Slight political digression here. Our country is doing well, when compared to many developing countries, in providing general education and health care to its population, and we are doing well, in my view, in educating the population as a whole when compared to any other country in the world. But in health care, we are falling painfully short. Health care costs have risen drastically over the past few years when compared to other goods and services. This shouldn't be, and its directly a result of a system and political failure in our country that must be addressed, and I hope will be addressed once we get a new president.

But the point is, a talented, healthy and motivated population produces wealth.

I do have some more to say on the importance of personal education and the impact we have as smart consumers and not just producers. An intelligent consumer is someone who pays more for quality and thus rewards smart producers. Consuming smart takes about as much skill, effort, and talent as producing smart. Its simply almost as difficult. Smart poets produce great poetry, but how much better would our society be if we had a nation of poetry readers. Great symphonies come from many people willing to spend a lifetime sacrificing their time to hone their talents, but its all for naught, if nobody is around to listen and appreciate it.

In contrast, how much skill does it really take to post naked pictures on the internet. But pornography is a huge industry, but sadly only enslaves those who consume it into painful addictions and often broken families. A prime example where both the producers and the consumers act to make our country poorer.

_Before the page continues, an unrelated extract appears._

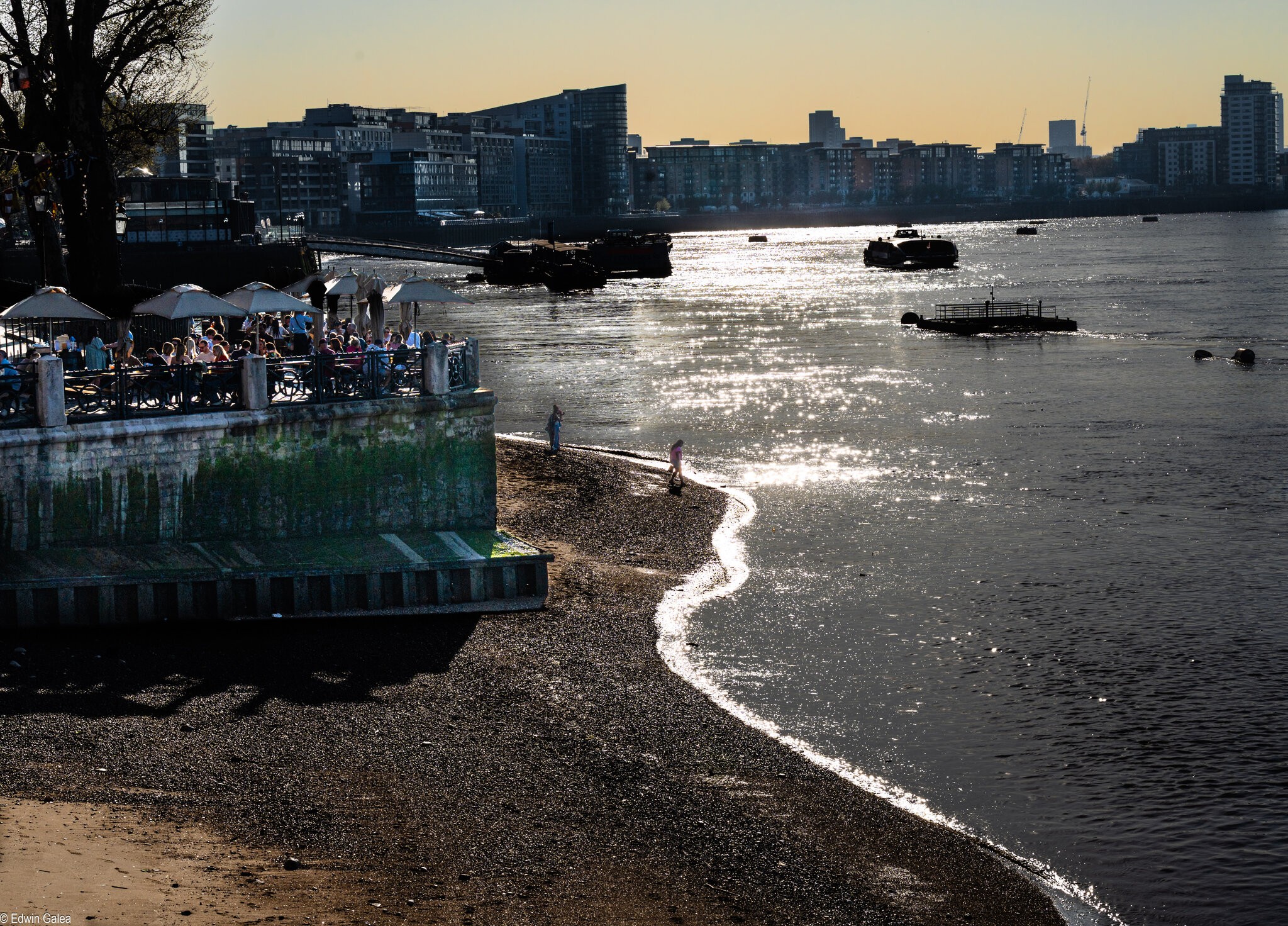 sunset_on_thames_full-5_edited.jpg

It's for this and other reasons that the value of an individual sacrificing years to hone a skill is not just valued simply because of the opportunity to have a career. My wife, who I am enormously lucky to have in my life, started piano lessons at age four and half and stuck to it all the way through a Master Degree in piano performance. She entered my life as she was just beginning her Masters degree at ASU. I remember her crying many times as she was trying desperately to prepare for her Masters recital, where she was to memorize and perform an hours worth of intense classical music. She pulled through the experience and did it. But for what? She continued on as a part time piano teacher, charging as much (or maybe marginally more) as many other teachers with less education and experiences. She is now teaching one student, and is relegated to using her piano skills as an accompanist to a church's volunteer choir. Surely she didn't need a Master's degree for that.

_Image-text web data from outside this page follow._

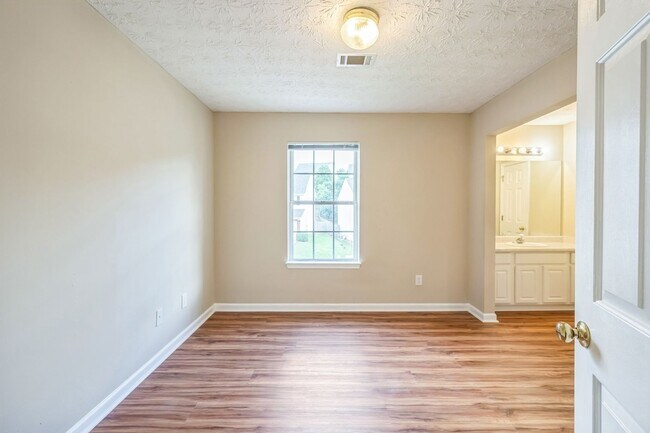 Building Photo - Spacious 4BR House in Lawrenceville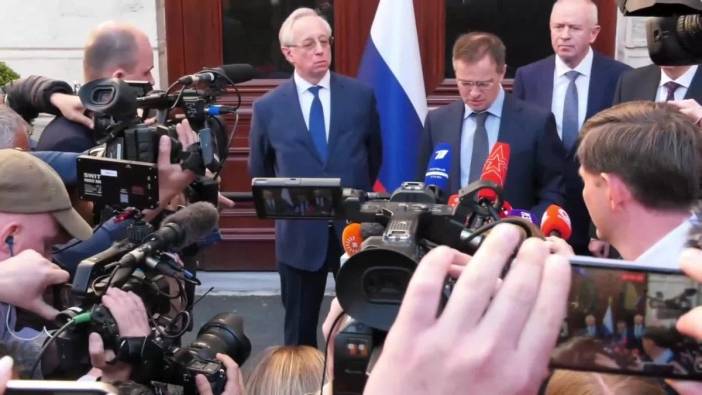 Medinskiy: İstanbul’daki rus heyeti yapıcı çalışmalara odaklı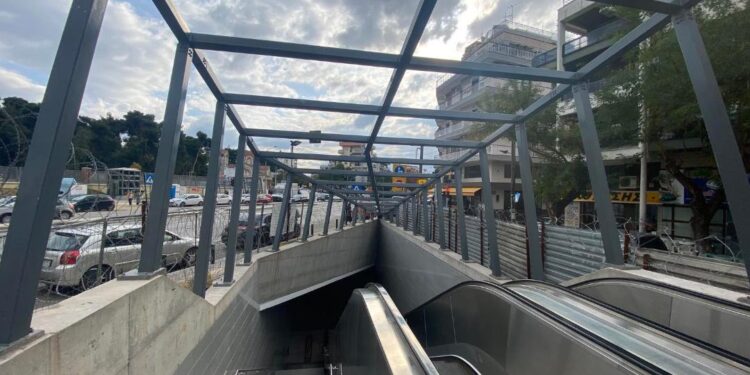 ΞΕΝΑΓΗΘΗΚΑΝ ΠΟΛΙΤΕΣ ΣΤΟ ΜΕΤΡΟ ΘΕΣΣΑΛΟΝΙΚΗΣ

But the experience of pushing herself to the absolute peak of her potential, to really understand what it takes to master something at a high level, to appreciate and know music as well as she does now because of that experience, is part of the reason why living on this earth is so enjoyable. The fact that each of us has the potential to pursue some interest, whatever it is, the fact that almost any subject imaginable is wonderfully complex and deep enough to offer a lifetime of study, and the fact that we can with our knowledge, skills and talents, give back both to our economy and our community in ways that can deeply affect each other's lives in real tangible ways, makes each day so exciting (and at times frustrating), but immensely rewarding.

Genius is within our grasp, if only we have the self-awareness to reach out and take it.